3. Law and conservation conflicts
Law will be a factor of some significance in respect of many actual conservation conflicts,
whereby the circumstances of each case will determine the law’s precise influence and
which of a conflict’s parties will be most favoured by it. That law does frequently play a role
in conservation conflicts appears to be affirmed in the scientific literature, which moreover
affirms that this role can be both negative and positive from a conservation point of view
(Young et al., 2005; Young et al., 2007; Madden, 2008; Young et al., 2010; Baruch-Mordo,
2011; Redpath et al., 2013).
Law influences conservation conflicts at many levels, ranging from conflicts between
individual farmers and protected area managers over what to do about particular crop-
raiding elephants, to conflicts between blocks of countries over the issue of international
ivory trade (Couzens, 2014). The law involved may be constitutional, administrative,
criminal, private and/or international law. What law is relevant will also be influenced by the
actors involved, which may include individual citizens, companies, local communities, NGOs,
government agencies, countries, or intergovernmental organizations. Relevant rules will
certainly not always be in the field of environmental or wildlife law, but may also concern
rules regarding, for instance, agriculture and fisheries, land-use planning, participation in
decision-making, and access to justice (for an example of the latter, see Epstein and Darpö,
2013). Occasionally the legal framework governing a conservation conflict appears, or is,
conflicting itself. An example concerns the long-standing conflict between reindeer herding
Saami people and conservationists over the management of wolves (Canis lupus), brown
bears (Ursus arctos), Eurasian lynx (Lynx lynx) and wolverines (Gulo gulo) in northern
Fennoscandia. International nature conservation law prescribes large carnivore
conservation in the area (Trouwborst, 2010; Epstein, 2013), whereas international human
rights law, specifically indigenous peoples’ rights, may be interpreted as prescribing large
carnivore control.
Altogether, the effect of law on conservation conflicts themselves is not
straightforward. On the one hand, law can cause or exacerbate such conflicts. This is the
case, for instance, when land-use planning legislation enables human activities that cause
adverse impacts on biodiversity (e.g. Madden, 2008), or vice versa when conservation
legislation is (perceived as) unduly restrictive of certain human activities (e.g. Heydon et al.,
2010). On the other hand, law can be instrumental in mitigating conservation conflicts and
minimizing their harmful effects on nature (i.e., it can be a tool for ‘conflict management’ as
described above). The primary means for doing so is legislation, which can take any shape,
ranging from compensation schemes for damages caused by wildlife to the prescription of
technical standards to be applied in agriculture, fisheries, mining and forestry operations.

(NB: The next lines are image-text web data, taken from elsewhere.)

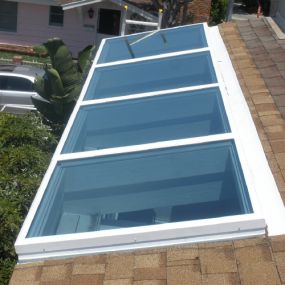 Lighten Up Skylights - Doing One Thing Well Since 1979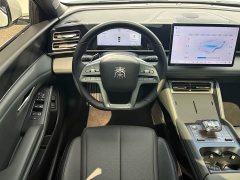 BYD Qin L DM-i smart driving version 120KM leading - фото 7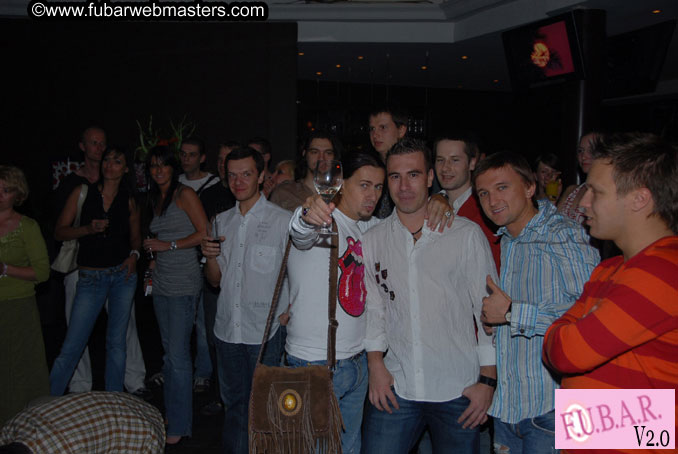 ôA Taste of the Orient at Majesticö VIP Party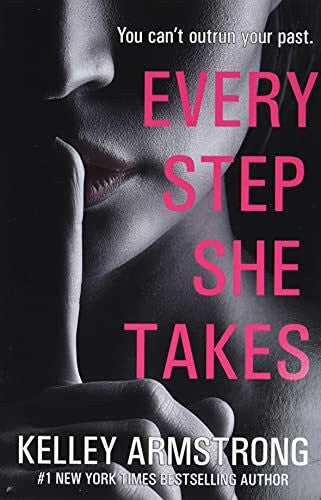 Armstrong, Kelley Every Step She Takes
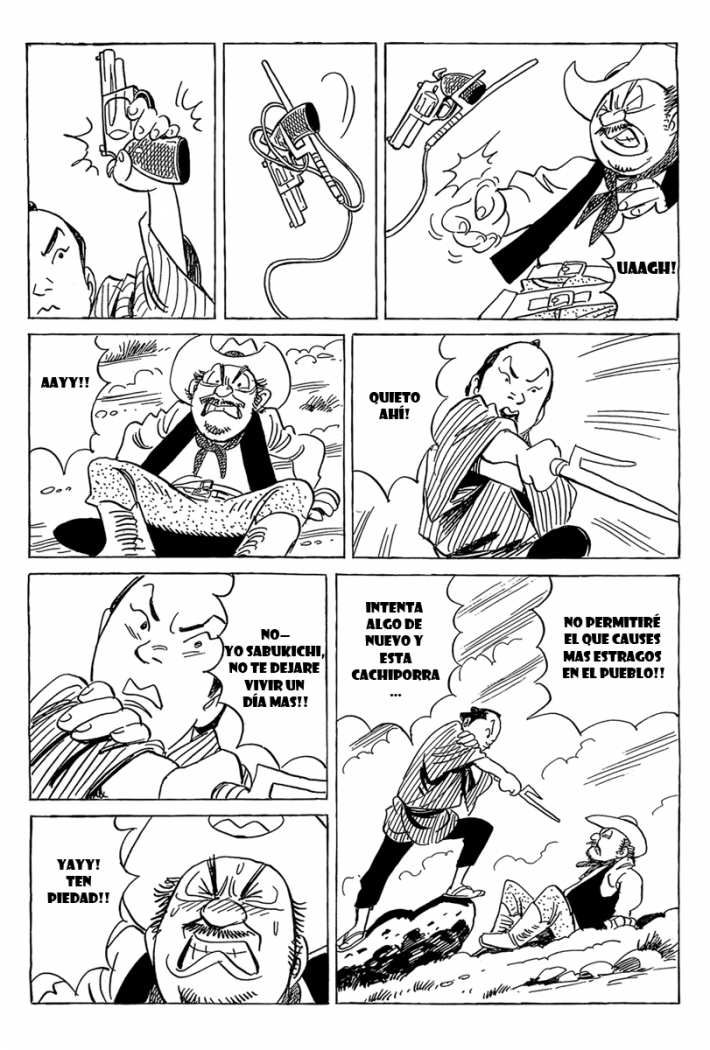 Read Billy Bat ES Manga Online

Another means is the settlement of disputes in court. Courts settle concrete disputes by
issuing judgments that are binding for all parties to the dispute and, if delivered in last
instance, final. This is usually done by courts of administrative, criminal and private law at
various levels within domestic legal systems, and less frequently by dispute settlement
mechanisms at the international level, which include binding arbitration and courts such as
the International Court of Justice (ICJ), the International Tribunal for the Law of the Sea
(ITLOS), and the Court of Justice of the EU. One high-profile example is the whaling dispute
between Australia and Japan that was recently ruled on by the ICJ.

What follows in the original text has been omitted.